Quel sont les enjeux majeurs des débats actuels concernant l’avenir de la région parisienne ?
François Labroille. Il faut prendre la mesure des mutations d’une «ville-monde». Il s’agit de l’interpénétration croissante des territoires avec toujours plus d’interdépendance entre Paris et ce qui n’est déjà plus sa périphérie, avec de nouveaux pôles qui émergent et qui font système. Il en ressort des opportunités nouvelles de développement et de création urbaine mais aussi des ségrégations renforcées. Le cœur d’agglomération change d’échelle et de configuration pour le meilleur et pour le pire. L’enjeu n’est donc pas d’abord institutionnel. Il est avant tout de maîtriser cette métropolisation et d’aller vers une «altermétropolisation», selon l’expression du géographe Guy Burgel. A sa façon, en mettant en avant les défis de la lutte contre les inégalités, de la crise climatique et énergétique, en faisant le choix de la ville compacte, en cherchant à adosser le développement économique aux solidarités sociales et territoriales, la Région Ile-de-France a apporté une vraie contribution à cette réflexion dans l’élaboration du nouveau schéma directeur depuis 2004. Même si on attend la validation avant la fin 2008 avec des discussions tendues avec l’Etat. Mais beaucoup reste à faire pour produire des projets communs et renverser les processus ségrégatifs en cours. Cela renvoie non seulement aux choix à faire et à concrétiser sur le logement, les transports, l’emploi mais aussi à une redistribution des ressources entre territoires bien supérieure à ce qui se fait actuellement.

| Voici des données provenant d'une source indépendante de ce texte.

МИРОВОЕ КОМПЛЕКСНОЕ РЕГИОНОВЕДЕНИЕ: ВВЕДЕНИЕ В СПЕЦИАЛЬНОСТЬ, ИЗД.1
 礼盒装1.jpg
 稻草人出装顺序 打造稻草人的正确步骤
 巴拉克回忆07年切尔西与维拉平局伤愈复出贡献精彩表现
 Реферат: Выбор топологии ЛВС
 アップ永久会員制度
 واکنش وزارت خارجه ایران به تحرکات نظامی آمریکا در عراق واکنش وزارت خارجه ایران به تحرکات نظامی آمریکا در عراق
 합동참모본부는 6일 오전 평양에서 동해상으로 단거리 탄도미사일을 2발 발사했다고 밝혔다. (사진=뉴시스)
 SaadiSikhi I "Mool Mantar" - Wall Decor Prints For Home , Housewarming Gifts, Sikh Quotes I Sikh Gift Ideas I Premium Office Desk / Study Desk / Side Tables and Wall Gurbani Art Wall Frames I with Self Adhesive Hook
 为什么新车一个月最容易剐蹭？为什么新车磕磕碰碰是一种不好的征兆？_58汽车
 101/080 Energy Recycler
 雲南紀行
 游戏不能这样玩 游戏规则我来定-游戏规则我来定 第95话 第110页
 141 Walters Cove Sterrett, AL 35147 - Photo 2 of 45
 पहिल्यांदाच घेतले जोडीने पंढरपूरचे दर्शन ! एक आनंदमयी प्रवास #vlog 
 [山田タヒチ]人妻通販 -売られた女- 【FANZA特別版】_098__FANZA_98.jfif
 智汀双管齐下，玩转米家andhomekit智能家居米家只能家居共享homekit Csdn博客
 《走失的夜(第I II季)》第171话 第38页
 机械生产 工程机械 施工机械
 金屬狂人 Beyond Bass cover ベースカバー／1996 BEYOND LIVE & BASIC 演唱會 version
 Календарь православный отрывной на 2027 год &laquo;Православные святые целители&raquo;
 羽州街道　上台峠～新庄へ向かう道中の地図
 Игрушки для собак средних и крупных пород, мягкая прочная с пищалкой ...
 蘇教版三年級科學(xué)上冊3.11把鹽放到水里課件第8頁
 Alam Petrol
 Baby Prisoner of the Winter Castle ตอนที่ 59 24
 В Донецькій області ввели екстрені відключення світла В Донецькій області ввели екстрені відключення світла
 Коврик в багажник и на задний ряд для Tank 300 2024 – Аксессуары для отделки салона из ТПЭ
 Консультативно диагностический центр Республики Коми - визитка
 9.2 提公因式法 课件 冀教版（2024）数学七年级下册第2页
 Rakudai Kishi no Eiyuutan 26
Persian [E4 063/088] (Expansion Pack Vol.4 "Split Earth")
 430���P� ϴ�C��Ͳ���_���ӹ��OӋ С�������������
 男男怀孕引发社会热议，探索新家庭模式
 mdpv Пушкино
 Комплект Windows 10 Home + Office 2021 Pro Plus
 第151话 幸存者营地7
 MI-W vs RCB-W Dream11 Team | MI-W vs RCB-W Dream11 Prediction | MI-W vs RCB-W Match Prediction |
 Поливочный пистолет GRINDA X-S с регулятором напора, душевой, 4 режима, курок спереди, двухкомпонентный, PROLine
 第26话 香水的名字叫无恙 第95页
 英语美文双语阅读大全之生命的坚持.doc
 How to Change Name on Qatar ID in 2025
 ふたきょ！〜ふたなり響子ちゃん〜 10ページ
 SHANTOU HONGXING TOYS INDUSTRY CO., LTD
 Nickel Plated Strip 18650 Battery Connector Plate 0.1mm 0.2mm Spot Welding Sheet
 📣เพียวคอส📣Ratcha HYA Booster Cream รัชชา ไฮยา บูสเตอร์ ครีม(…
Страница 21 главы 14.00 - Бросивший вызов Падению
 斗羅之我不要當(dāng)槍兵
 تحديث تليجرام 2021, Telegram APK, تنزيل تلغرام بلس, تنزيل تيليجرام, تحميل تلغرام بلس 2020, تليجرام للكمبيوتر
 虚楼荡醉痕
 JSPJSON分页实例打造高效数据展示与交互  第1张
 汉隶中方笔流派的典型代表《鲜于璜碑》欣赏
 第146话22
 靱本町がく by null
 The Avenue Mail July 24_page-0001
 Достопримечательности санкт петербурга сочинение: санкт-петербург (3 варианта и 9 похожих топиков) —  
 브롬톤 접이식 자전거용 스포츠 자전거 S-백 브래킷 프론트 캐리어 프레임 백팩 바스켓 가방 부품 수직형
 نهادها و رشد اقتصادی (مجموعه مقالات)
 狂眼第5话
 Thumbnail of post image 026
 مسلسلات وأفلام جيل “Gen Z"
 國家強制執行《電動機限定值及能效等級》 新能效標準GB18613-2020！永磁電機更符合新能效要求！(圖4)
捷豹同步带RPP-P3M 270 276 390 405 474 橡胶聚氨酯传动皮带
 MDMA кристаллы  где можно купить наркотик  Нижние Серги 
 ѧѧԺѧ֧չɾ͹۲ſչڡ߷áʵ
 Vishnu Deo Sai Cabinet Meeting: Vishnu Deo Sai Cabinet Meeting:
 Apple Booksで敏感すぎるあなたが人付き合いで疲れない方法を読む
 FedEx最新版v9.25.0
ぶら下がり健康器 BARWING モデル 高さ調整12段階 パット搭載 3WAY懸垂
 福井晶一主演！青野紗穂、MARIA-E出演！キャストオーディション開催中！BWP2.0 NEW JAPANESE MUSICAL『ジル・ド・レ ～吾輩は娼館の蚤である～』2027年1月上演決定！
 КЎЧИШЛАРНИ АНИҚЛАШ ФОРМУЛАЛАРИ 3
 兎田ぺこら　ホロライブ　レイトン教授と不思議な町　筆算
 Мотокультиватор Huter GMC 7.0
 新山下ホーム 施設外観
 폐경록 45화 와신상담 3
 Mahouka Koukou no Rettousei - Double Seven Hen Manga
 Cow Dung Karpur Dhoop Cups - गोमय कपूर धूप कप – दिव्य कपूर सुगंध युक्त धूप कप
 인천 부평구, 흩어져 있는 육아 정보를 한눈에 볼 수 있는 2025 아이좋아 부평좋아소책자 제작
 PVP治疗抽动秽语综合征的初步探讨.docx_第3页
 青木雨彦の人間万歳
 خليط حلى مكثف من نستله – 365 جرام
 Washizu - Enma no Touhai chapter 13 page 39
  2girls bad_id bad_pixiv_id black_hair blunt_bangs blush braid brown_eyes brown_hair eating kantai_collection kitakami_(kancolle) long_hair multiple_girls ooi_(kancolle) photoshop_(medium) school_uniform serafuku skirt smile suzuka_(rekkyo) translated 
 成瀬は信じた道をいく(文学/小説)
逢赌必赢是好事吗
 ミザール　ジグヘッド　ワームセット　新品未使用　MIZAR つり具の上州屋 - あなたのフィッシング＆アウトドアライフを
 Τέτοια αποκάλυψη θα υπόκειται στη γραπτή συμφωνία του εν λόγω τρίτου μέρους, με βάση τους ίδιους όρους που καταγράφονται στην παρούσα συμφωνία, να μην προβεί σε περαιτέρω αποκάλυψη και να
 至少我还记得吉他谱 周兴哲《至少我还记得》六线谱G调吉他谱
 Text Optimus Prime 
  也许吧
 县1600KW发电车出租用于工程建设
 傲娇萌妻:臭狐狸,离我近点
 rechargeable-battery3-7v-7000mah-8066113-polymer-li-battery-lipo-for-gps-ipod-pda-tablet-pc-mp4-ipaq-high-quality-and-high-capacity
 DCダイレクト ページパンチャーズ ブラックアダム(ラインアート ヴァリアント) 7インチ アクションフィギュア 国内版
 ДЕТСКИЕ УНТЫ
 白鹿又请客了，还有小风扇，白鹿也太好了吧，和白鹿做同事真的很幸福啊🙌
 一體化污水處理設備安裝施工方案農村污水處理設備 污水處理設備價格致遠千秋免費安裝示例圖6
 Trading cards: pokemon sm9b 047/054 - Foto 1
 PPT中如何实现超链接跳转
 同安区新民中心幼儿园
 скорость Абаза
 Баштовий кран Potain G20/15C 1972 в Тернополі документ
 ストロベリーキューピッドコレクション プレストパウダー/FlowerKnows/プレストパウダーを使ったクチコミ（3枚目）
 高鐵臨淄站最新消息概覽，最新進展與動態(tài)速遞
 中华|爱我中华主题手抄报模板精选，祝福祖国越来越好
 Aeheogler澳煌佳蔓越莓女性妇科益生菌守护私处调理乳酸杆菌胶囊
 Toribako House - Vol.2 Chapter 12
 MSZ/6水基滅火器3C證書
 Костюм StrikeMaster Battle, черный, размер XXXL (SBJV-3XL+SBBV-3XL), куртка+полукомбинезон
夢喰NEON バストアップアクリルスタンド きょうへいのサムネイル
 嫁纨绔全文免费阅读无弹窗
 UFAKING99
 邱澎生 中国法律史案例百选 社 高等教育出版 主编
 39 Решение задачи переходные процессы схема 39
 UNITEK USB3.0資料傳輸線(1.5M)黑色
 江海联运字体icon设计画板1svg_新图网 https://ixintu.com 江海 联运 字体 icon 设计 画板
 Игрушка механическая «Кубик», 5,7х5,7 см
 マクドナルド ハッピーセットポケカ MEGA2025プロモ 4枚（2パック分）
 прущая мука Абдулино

Il semble que des questions non soldées empêchent le débat de s’enclencher réellement. Quels sont les blocages?
F.L. Les difficultés résultent d’approches trop souvent politiciennes, obsédées par des enjeux de pouvoir ou des rivalités institutionnelles là où les questions du projet, de la conception du devenir de la région et de son cœur d’agglomération devraient prévaloir. A droite, les arrière-pensées électoralistes sont évidentes avec la recherche d’une reconquête de positions encore fragilisées en Ile-de-France à l’issue des élections de mars 2008. C’est une source de brouillage. Les tentations localistes au sens géographique ou institutionnel n’épargnent pas les familles de pensée à gauche. Et l’appartenance géographique l’emporte parfois sur l’appartenance politique avec la tendance à vivre l’institution que l’on représente potentiellement mise en danger par les autres. Il y a aussi des héritages culturels à dépasser avec le poids d’une vision de la domination parisienne, héritée de l’annexion de 1860, souvent confondue avec la tutelle de l’Etat et qui résiste parfois aux nouveaux rapports que Paris cherche à développer avec ses partenaires depuis 2001. Il faut aussi intégrer des identités nouvelles qui émergent, celles de nouveaux territoires avec des expériences prometteuses comme celle de Plaine Commune. Finalement, les enjeux de la métropole sont d’une telle envergure qu’ils s’imposeront tôt ou tard comme éléments centraux des débats à venir. Pour preuve, le travail assez novateur engagé par la Conférence métropolitaine comme les premières conclusions de la commission créée en novembre dernier par le conseil régional dites «scenarii métropole Paris Ile-de-France demain»
Que préconisez-vous pour avancer ?
F.L.** Je ne crois pas à une solution institutionnelle toute faite. Ni au statu quo , ni au big bang sorti de quelques cerveaux éclairés. Je préfère parler d’un processus. Avec avant tout les nécessaires dialogues et coopérations entre collectivités pour des projets communs. La matière et les défis ne manquent pas quand on sait par exemple la réflexion déjà engagée avec l’élaboration du SDRIF ou le nouvel élan donné au STIF (syndicat des transports) depuis sa décentralisation. En ce sens, l’activation de la conférence métropolitaine est une très bonne voie si elle devient plus opérationnelle et en forte complémentarité avec l’institution régionale. Elle a tout à gagner au développement simultané de vraies intercommunalités et à une implication de la Région. Il faut cesser de vivre les collectivités en concurrence, ne pas exonérer l’Etat de ses propres responsabilités et accepter que les géométries ou périmètres puissent varier selon les sujets traités. Mais dans ce cadre deux exigences majeures doivent être prises en compte : celle de la redistribution des ressources entre territoires, quelles que soient les solutions techniques retenues et celle de la démocratie. A cet égard, tout est à faire. La grande majorité des citoyens est hors-jeu de ces débats puisque perçus sous le seul angle de rivalités de pouvoir. Le défi pour tout projet progressiste est probablement là. **Recueillis par R.D.